This experimental project that combines data science and statistical processes, design-thinking techniques, and qualitative research methods. It was launched by UNHCR’s Innovation Service in May 2017 to make better decisions with regards to population movements in the Horn of Africa.
Project Jetson, with its machine-learned predictive analytics engine, is first of its kind in the humanitarian sector. The overall goal is to expand to more regions with improved automation processes and publish one deployable package for partners and other audiences to benefit from it.
The above range is based on different computer models that are selected based on two factors: 1) the best model data that ‘fits’ the historical data (R^2), and 2) its mean absolute error (MAE).
The MAE measures the accuracy of future month predictions, and is the difference between the future predictive arrivals vs. actual future arrivals. In short, it describes the margin of error of arrivals. So the higher the MAE, the less accurate the prediction. The MAE varies from model to model.
R^2 is the value of how close the model is based on historical data. The closer (or fit) the model, the higher the value, with 1.0 being the most ideal fit.
Version 1 and 2 focused on the concept of the predictive analytics engine and simulated arrival figures. Version 3 provides a functioning technology and model that predicts regional arrivals with 75% to 99% accuracy of the model.

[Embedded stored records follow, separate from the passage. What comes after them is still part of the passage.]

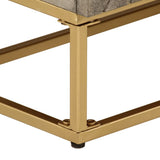 vidaXL Bedside Cabinet 40x30x50 cm Solid Mango Wood and Iron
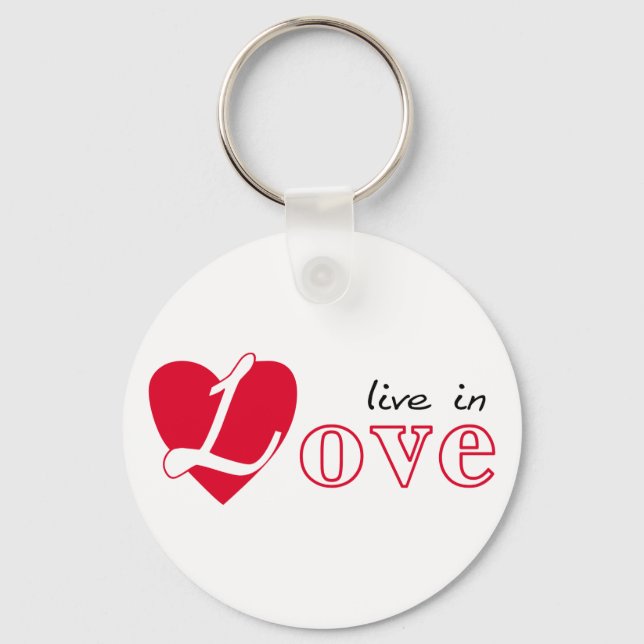 Llavero Vivir enamorado (Anverso)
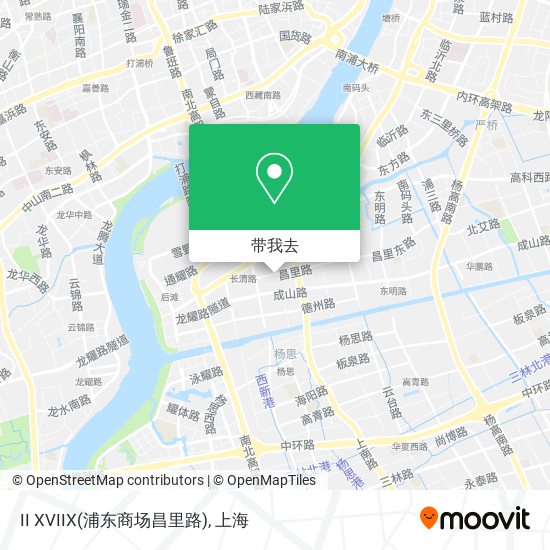 II XVIIX(浦东商场昌里路)地图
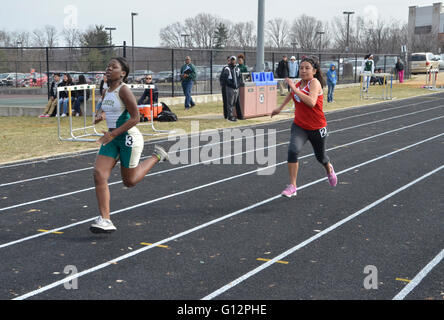 Läufer in einem Track meet Stockfoto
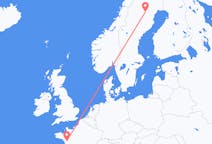 Flights from Arvidsjaur, Sweden to Nantes, France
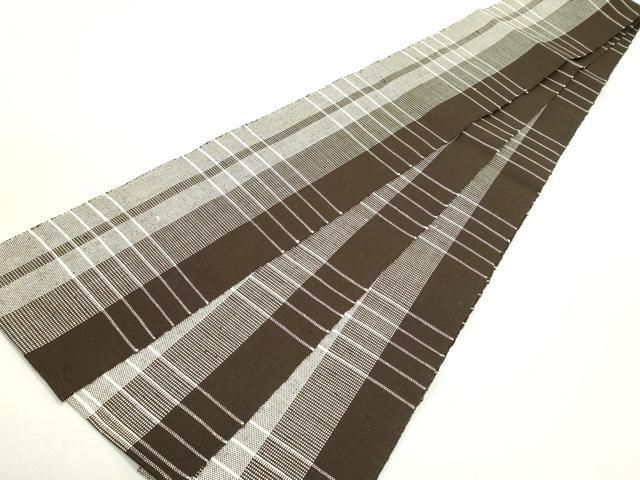  平和屋着物 半幅帯 紬地 格子柄 正絹 ob 半巾 半幅 小袋帯 帯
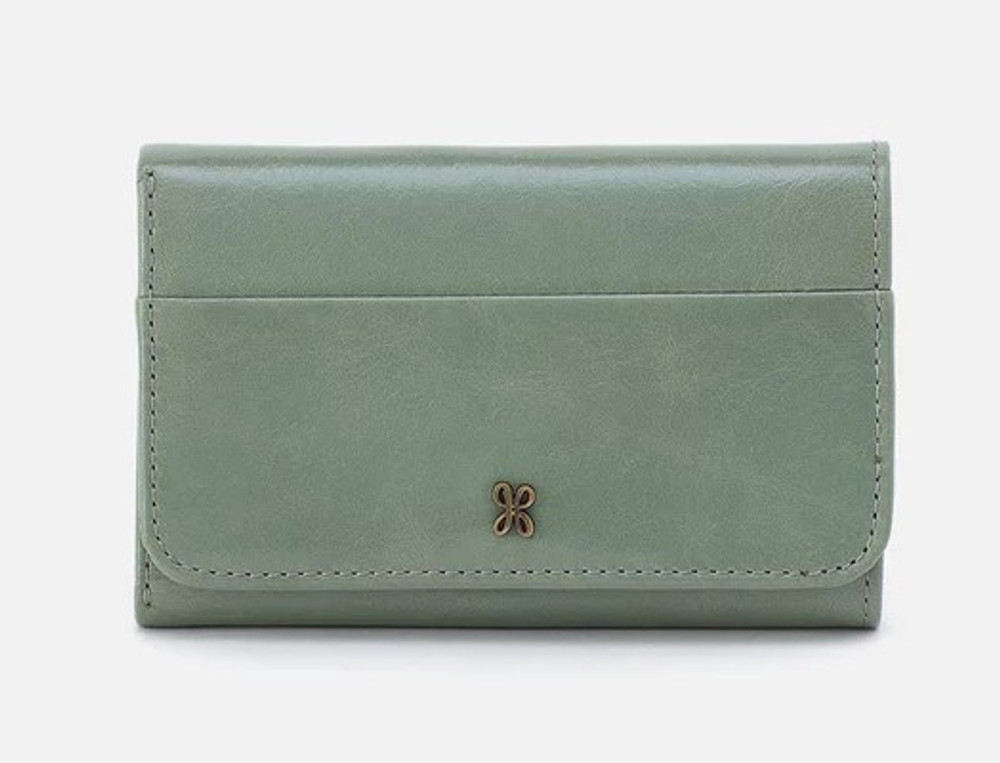 Hobo Jill Trifold Wallet: Jade Hobo Jill Trifold Wallet: Jade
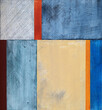© Clive Watts/Stocksy - A minimalist abstract painting with grungy blocks of color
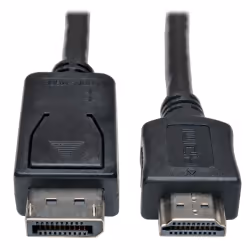 Tripp Lite P582-006, 1,83 m, HDMI Type A (Standard), DisplayPort, Mâle, Mâle, 1920 x 1080 pixels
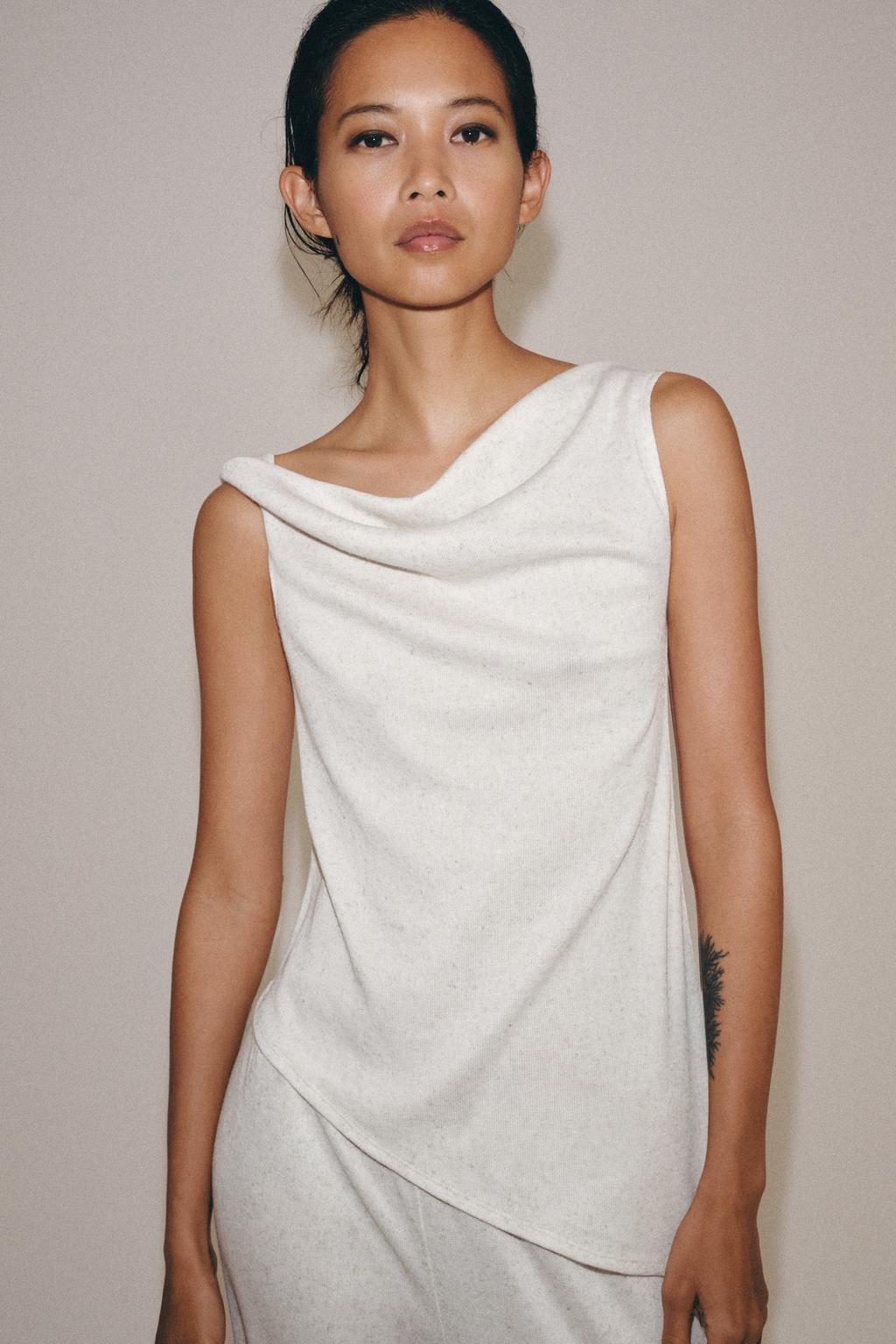 ТОП В СТИЛЕ РУСТИК АСИММЕТРИЧНОГО КРОЯ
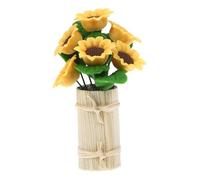 Toddmomy Miniature Doll House Flower Bottle Decoration Fake Bonsai Sunflower Model for Dollhouse Accessories for Miniature Gardens and Fairy Worlds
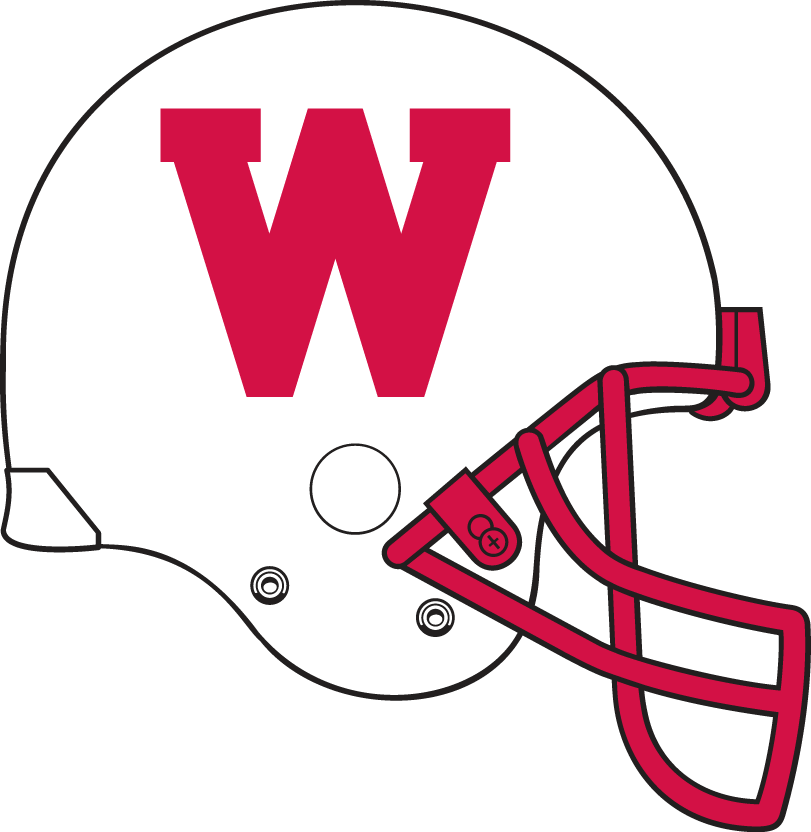 Wisconsin Badgers 1988-1989 Helmet Logo iron on transfers for T-shirts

Design: The newest version of Jetson provides a lighter, faster, and a simpler user interface with the key focus on predicted monthly arrival figures rather than a simulation of population from version 1 and 2.
Automation Process: 50% of processes completed in version 1 and 2 were done by humans but are now performed automatically, by machines, freeing up valuable time for further development and expansion of prediction regions. We are still refining the processes to be almost semi-automated (still humans are needed to ‘click’ the button to execute the various processes). .

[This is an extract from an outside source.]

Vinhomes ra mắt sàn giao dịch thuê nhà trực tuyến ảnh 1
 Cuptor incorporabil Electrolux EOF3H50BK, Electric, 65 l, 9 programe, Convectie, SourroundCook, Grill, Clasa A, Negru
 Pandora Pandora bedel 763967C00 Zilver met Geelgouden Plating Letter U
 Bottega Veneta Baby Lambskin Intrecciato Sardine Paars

Climate: FAO-SWALIM, WMO, IGAD-ICPAC, UNOSAT, World Bank
Infrastructure: UNOSAT
Conflict: ACLED
Food Security: FAO-FSNAU, FEWES
Data Science support: UN Global Pulse, Essex University, Uptake.org
The next steps for Project Jetson are to improve the software deployment of the service and introduce new prediction regions.
We aim to have the predictive analytics software as a complete package that can be installed and run locally, by operations (and in some cases individuals).

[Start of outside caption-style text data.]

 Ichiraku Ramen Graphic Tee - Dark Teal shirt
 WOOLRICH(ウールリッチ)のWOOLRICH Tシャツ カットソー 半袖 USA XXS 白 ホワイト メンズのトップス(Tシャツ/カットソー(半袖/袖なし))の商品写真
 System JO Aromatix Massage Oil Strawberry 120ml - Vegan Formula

The Jetson complete package will consist of the following processes:
Collecting data from multiple online sources
Transforming data into-machine readable formats and pushing it online
Running the predictive analytics algorithms
Analysing the model's results
Running the analysed statistical correlations to compare model's accuracy vs. actual figures
Detecting the arrival range (predicted population arrivals)
Deciding on best model according to human decision-making rules
Communicating and visualizing the results for the operation
The deployable package will also include a model monitoring element that picks the best algorithm for the next month and detects the population arrival range, according to analysed correlations. The arrival range on the website is the result of this process.
The automation effort of all technical processes involved will be continuing, therefore minimising human decision making and ‘interference’ where not relevant. This will leave more resources for the Jetson team to focus on top line decisions for the predicted arrivals and the project in general.